A consciência está ligada ao processo de compreensão, à percepção. A pessoa tem a capacidade de assimilar, interpretar e reelaborar algo através da inteligência, levando a aperfeiçoar ou recriar conceitos, emitir juízos éticos com discernimento, relacionar fatos e teorias. A percepção influencia a maneira como vemos, julgamos, conceituamos e qualificamos as realidades subjetivas, intersubjetivas e objetivas . Por meio dela o ser humano se apropria das informações obtidas pelos sentidos, ao interpretá-las, selecioná-las e organizá-las.
O educador ambiental Genebaldo Freire Dias utiliza a expressão “ecopercepção” como compreensão das principais questões socioambientais, suas causas e possíveis soluções. Na perspectiva do autor, o que está em jogo não é somente o acesso às informações, mas sim a forma como captamos as informações e as relacionamos. Ecopercepção implica uma postura ética: tomar atitudes pessoais e coletivas em vista da continuidade da teia da vida em nosso planeta.

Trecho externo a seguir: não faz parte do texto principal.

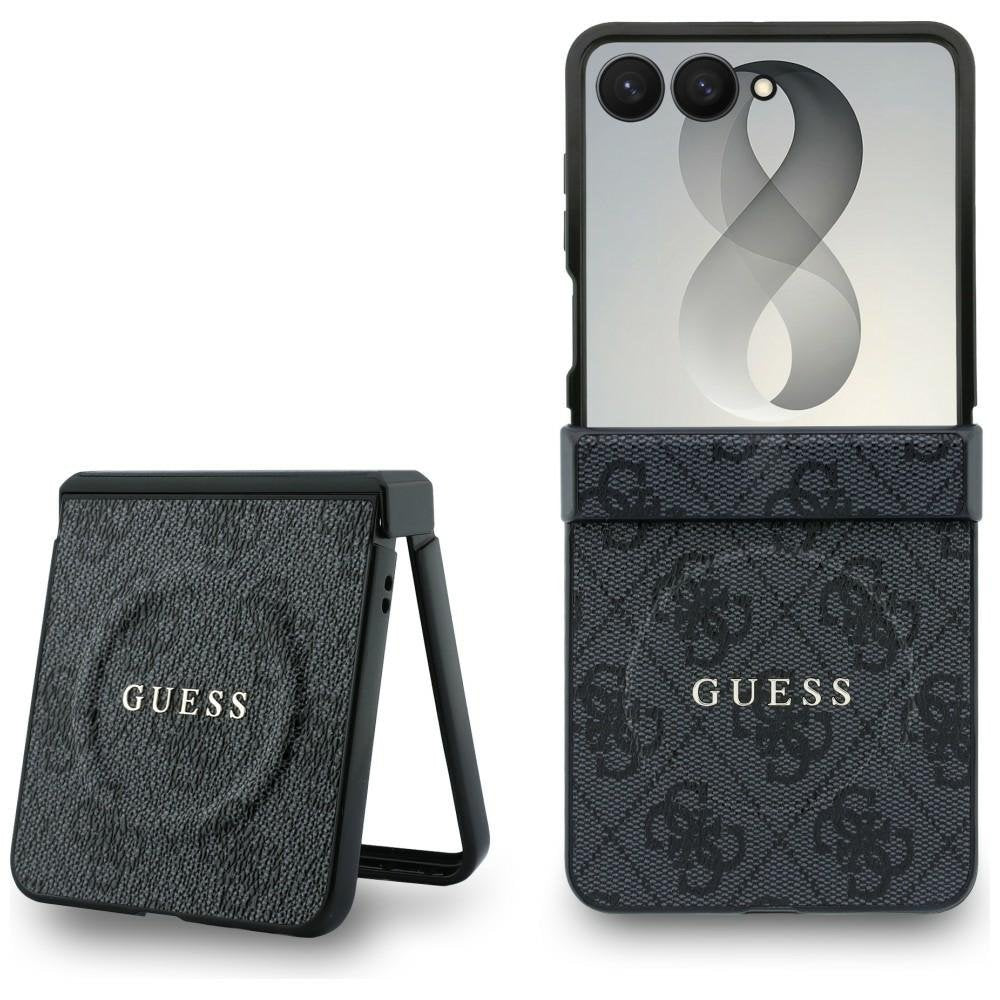 Guess HC Magnetic 4G PU CLASSIC apvalks Samsung Galaxy Z Flip 8, melns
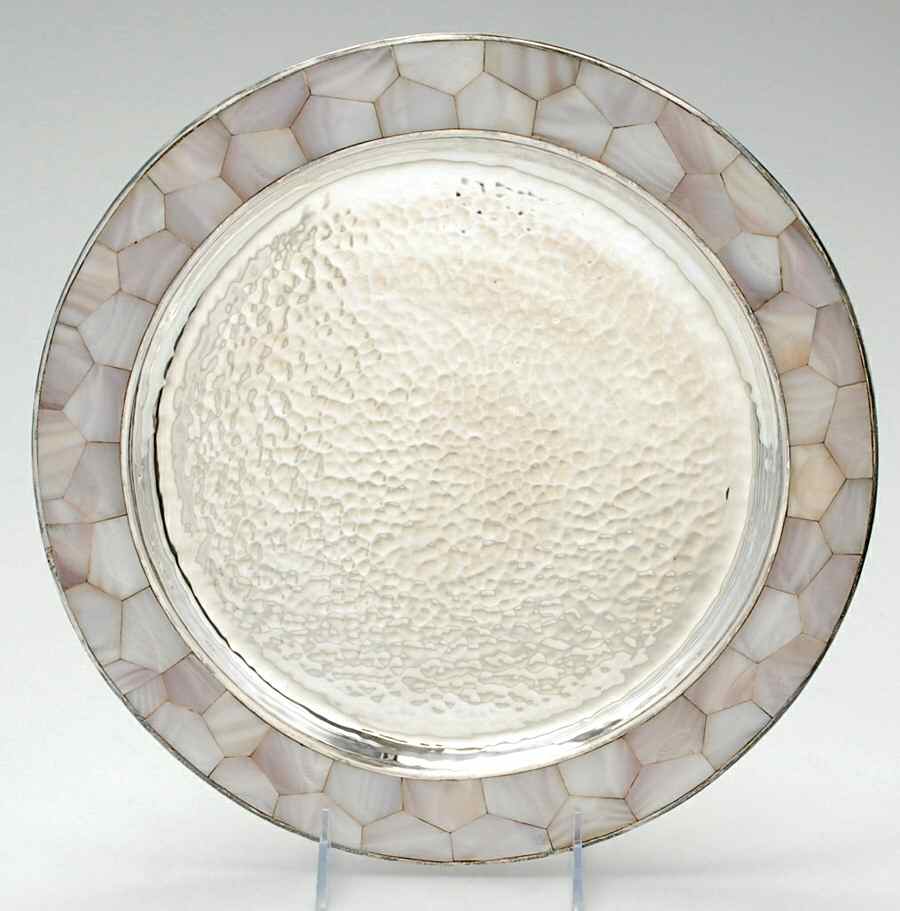 Silverplate Hollowware Service Plate by Los Castillo-1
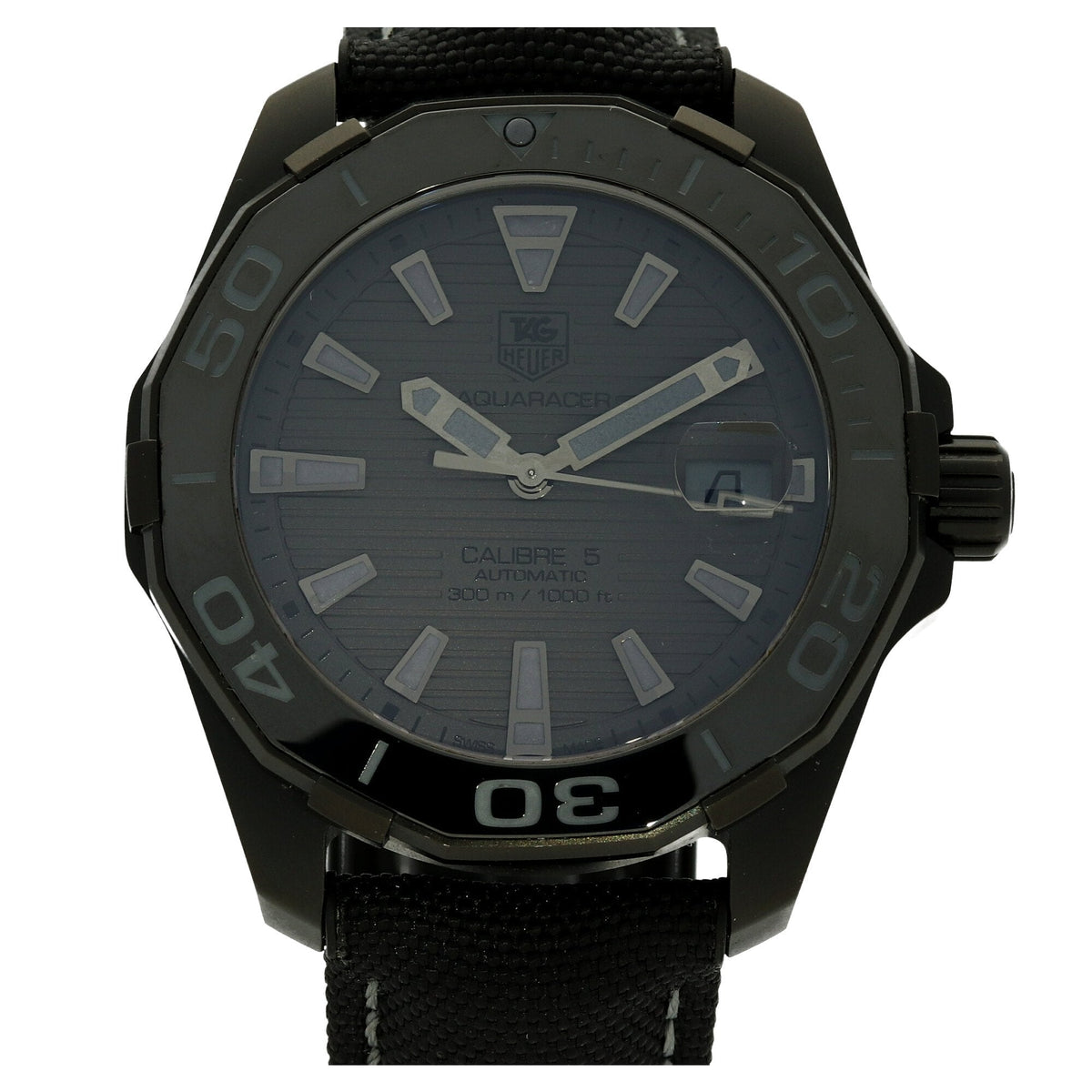 Aquaracer WAY218B - Gents Watch - Black Dial - 2016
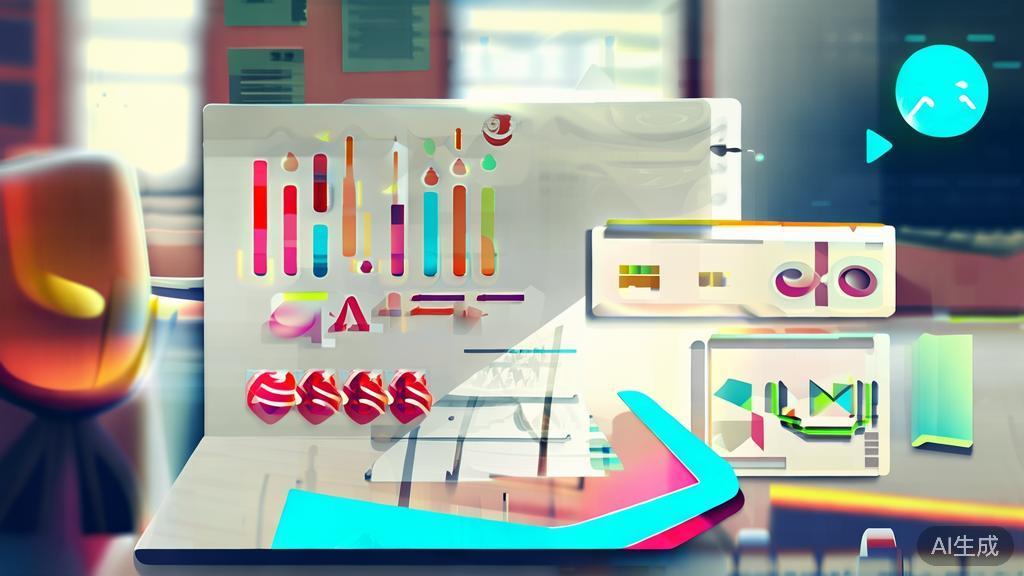 "High-quality business illustration regarding data analysis, minimal flat design"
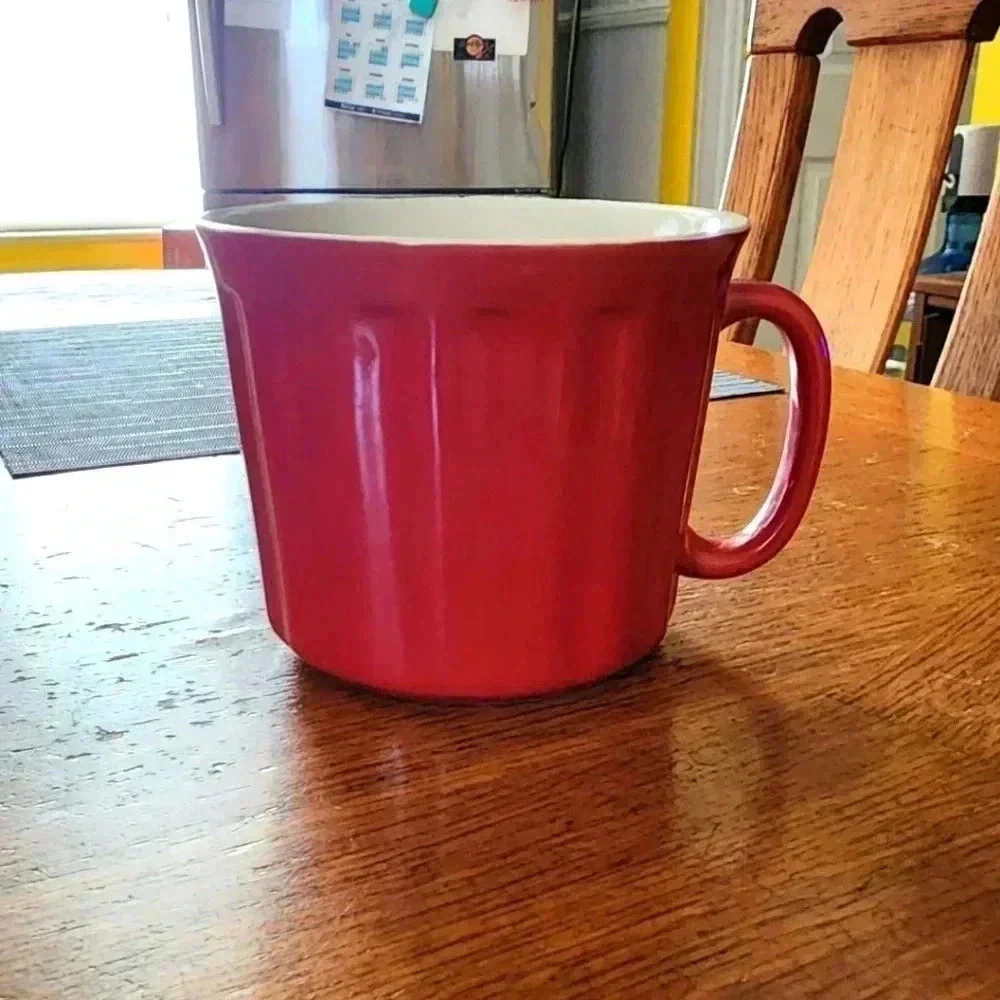 Oven Fresh Stoneware Soup Bowl 18 oz mug Red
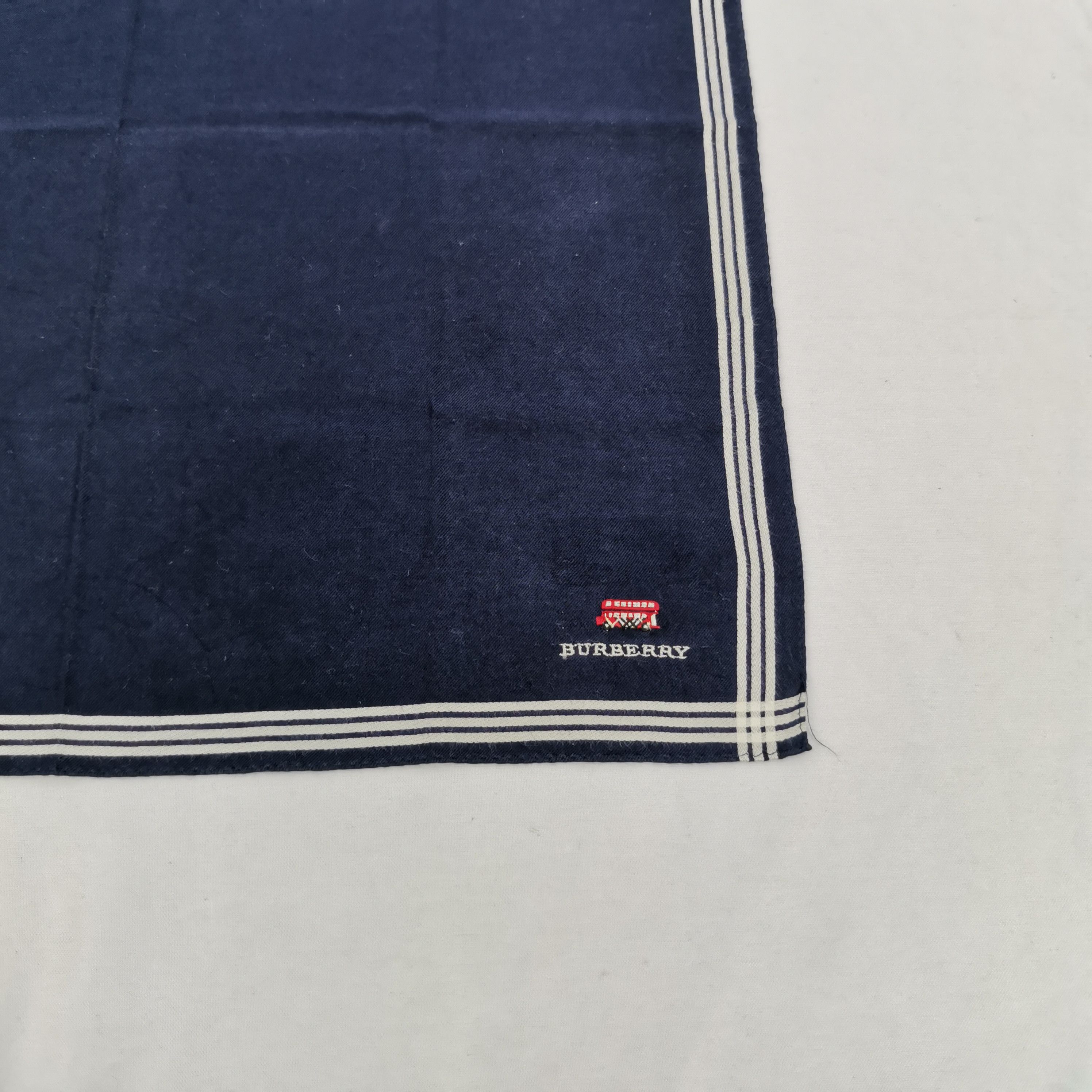 Burberry Vintage Burberry Handkerchief Bandana Pocket Square Size ONE SIZE - 3 Thumbnail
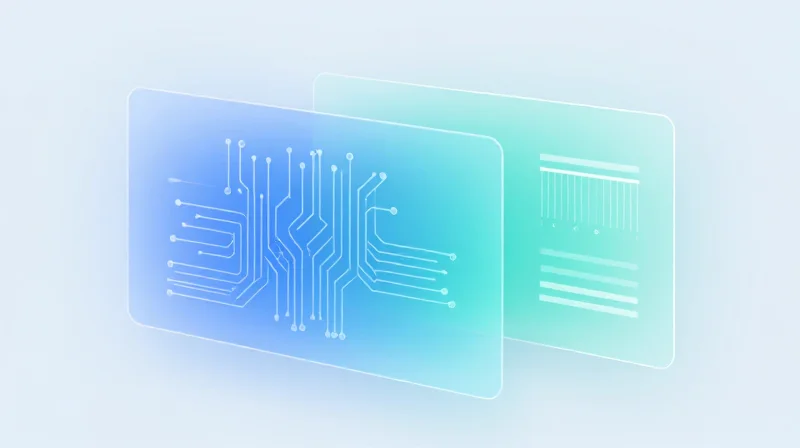 Conceptual 3D interface showing automated analysis of circuit design.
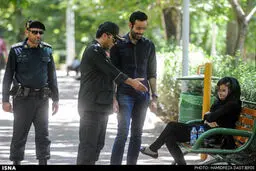 تذکر پلیس به روزه خواران در تهران/ تصاویر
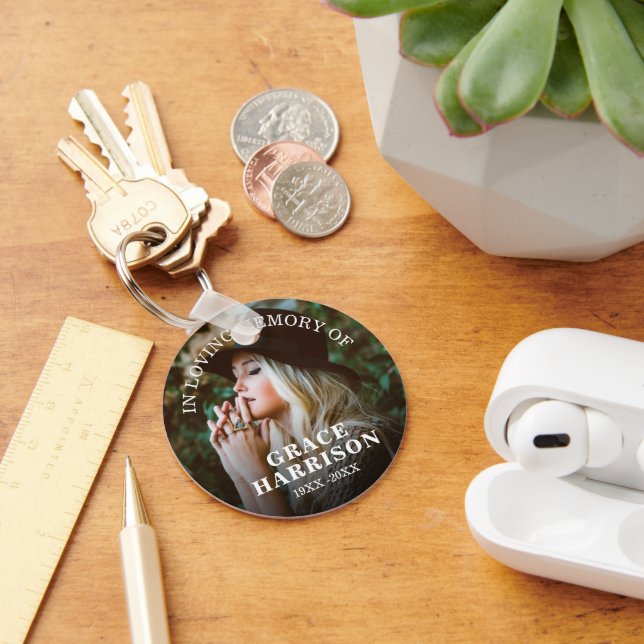 Llavero Memorial fotográfico personalizado (Escritorio )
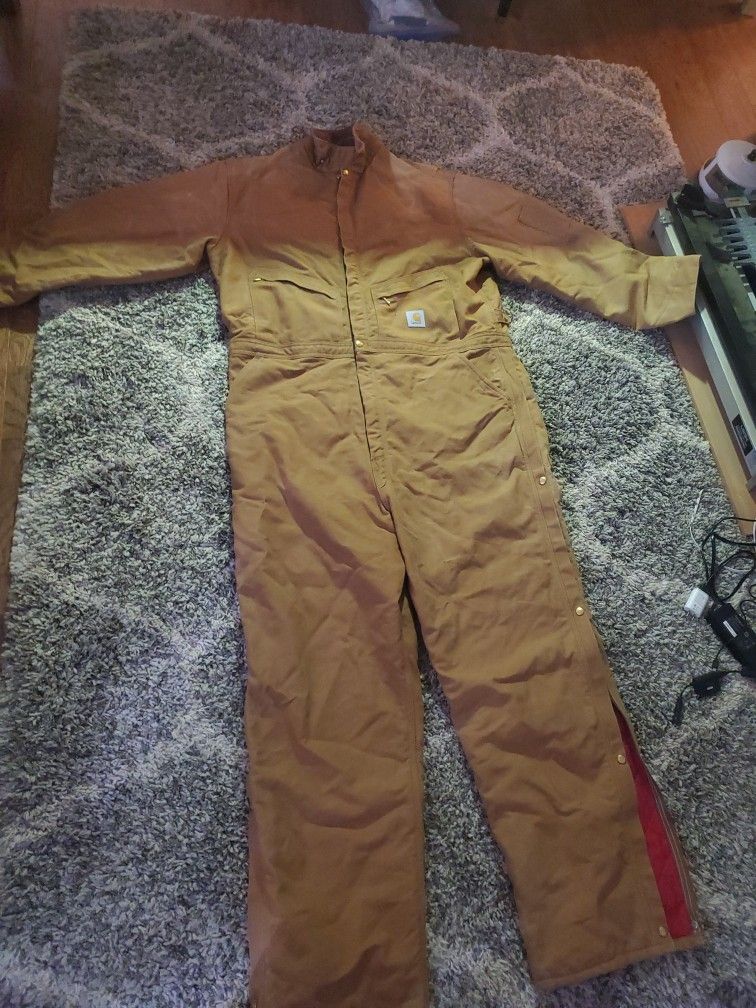 Carhartt Insulated Coveralls 52 Tall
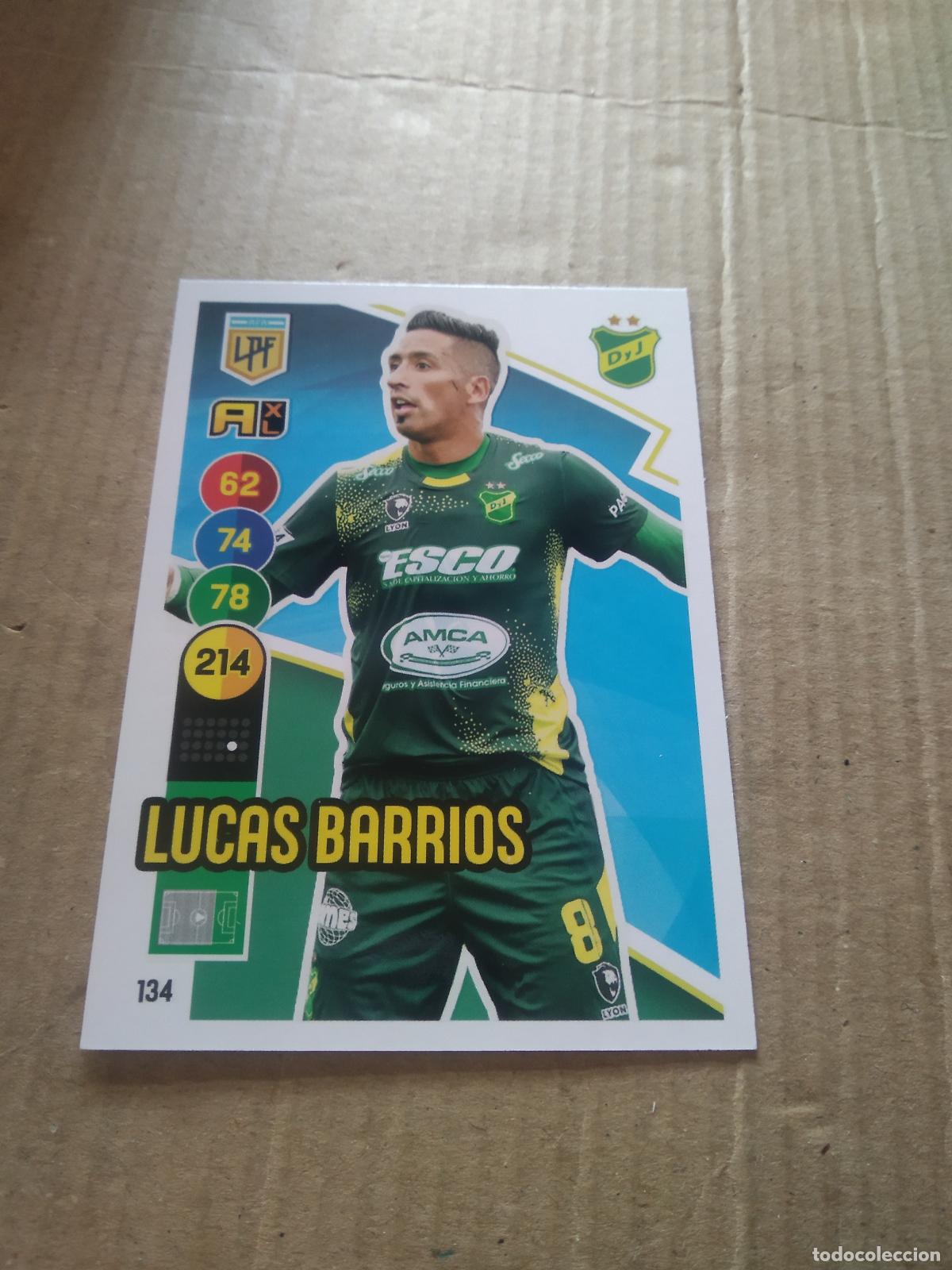Cromos de F&uacute;tbol: 134 LUCAS BARRIOS DEFENSA Y JUSTICIA CROMO FUTBOL ARGENTINO PANINI LIGA ARGENTINA 2021 ADRENALYN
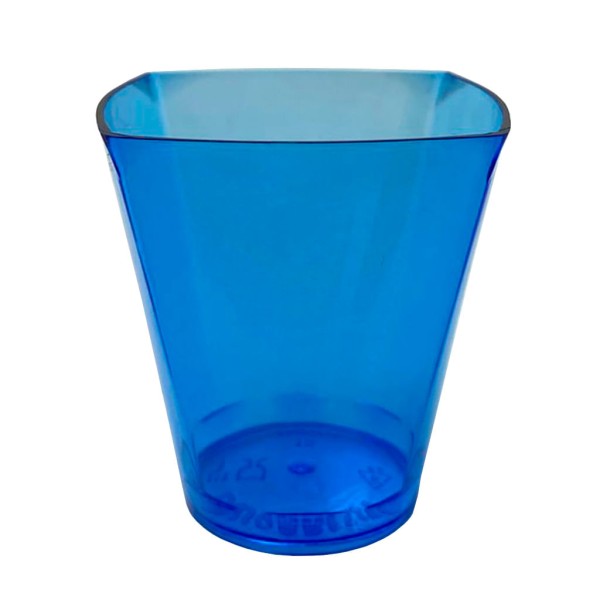 Copo Acrílico Azul 50ml c/10 - Descarfest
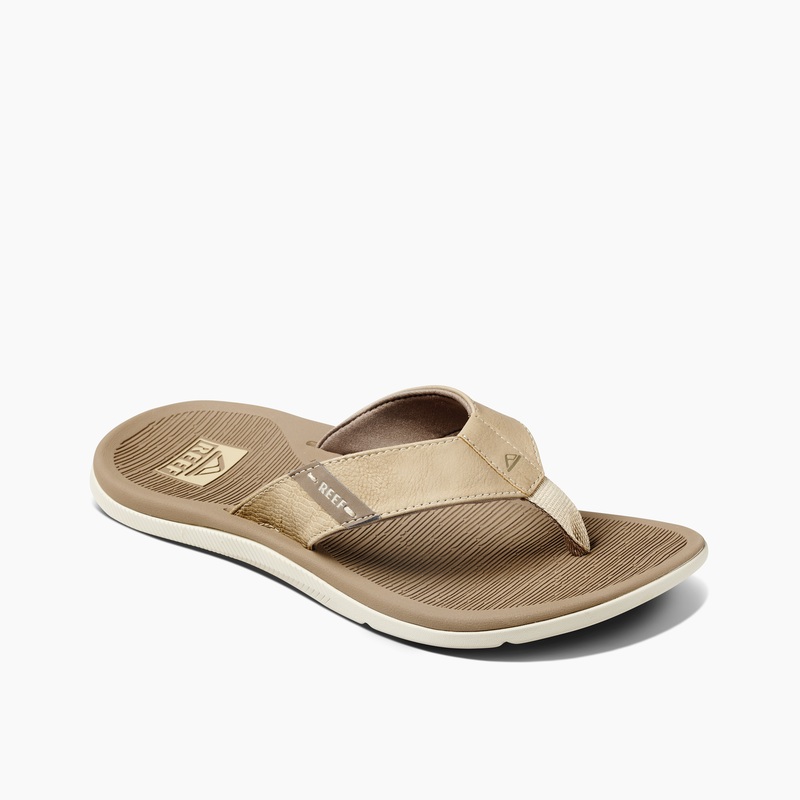 Brown Men's Reef Santa Ana Flip Flops | f3WybckGnfM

Convém notar que a consciência planetária é mais do que ecológica, pois tematiza a utopia viável de superação da exploração econômica, social, étnica e política, em favor de sociedades interconectadas com equidade, que cultivem o respeito, a tolerância, a diversidade e a cooperação.
A visão planetária, embora assumida por cada pessoa, pode ser classificada como um tipo de consciência coletiva, na acepção de Durkheim. Do ponto de vista da sociologia, o termo “consciência” compreende: quem somos (autoconhecimento), o que é o mundo (conhecimento experiencial da realidade) e o que deve ser mudado nele (critérios éticos para a ação transformadora). Neste sentido, “consciência planetária” designa o conjunto de ideias e valores que fundamentam e motivam um amplo movimento social em defesa da vida na Terra.
A visão planetária é uma forma de “consciência crítica”, tal como é compreendida por João Batista Libanio: autocompreensão do ser humano, nas suas relações intersubjetivas, comunitárias e estruturais. Libanio identifica três etapas de evolução da consciência na humanidade: o momento do objeto, o do sujeito e o social . Posteriormente, ele acrescenta o momento da consciência ecológica. Assim, articula o pensar dialético com o quântico. Intenta ajudar as pessoas a pensarem, compreendendo os complexos mecanismos que envolvem a vida intelectual. Segundo ele, como atitude fundamental, o senso crítico é um esforço para superar as primeiras impressões, o óbvio, o imediato, o visivelmente aparente, indo às raízes da realidade.
A dimensão crítica da consciência planetária se liga àquilo que Goleman chamou de “inteligência ecológica”, ao desenvolvimento de sensibilidade abrangente que permite perceber as interconexões entre as ações humanas e seus impactos ocultos no planeta, na saúde dos indivíduos e da coletividade e nos sistemas sociais. Segundo ele, trata-se de uma habilidade que se conquista coletivamente, implicando a conscientização acerca das consequências profundas do que fazemos e do que compramos, a determinação de mudar para melhor e a disseminação dos conhecimentos adquiridos,
No dizer do filósofo José Carlos Aguiar de Souza: “A consciência planetária significa um estar atento aos destinos do planeta que é a nossa casa comum (..), consciente dos problemas que o afetam”. Num só movimento, a consciência plenamente atenta se encontra presente tanto a si mesma quanto à alteridade dos seres bióticos e abióticos, que constituem a ecosfera.
Portanto, o termo “consciência”, aplicado à visão planetária, significa simultaneamente: processo de compreensão, postura crítica, opção ética, além de modelo de interpretação ou paradigma emergente.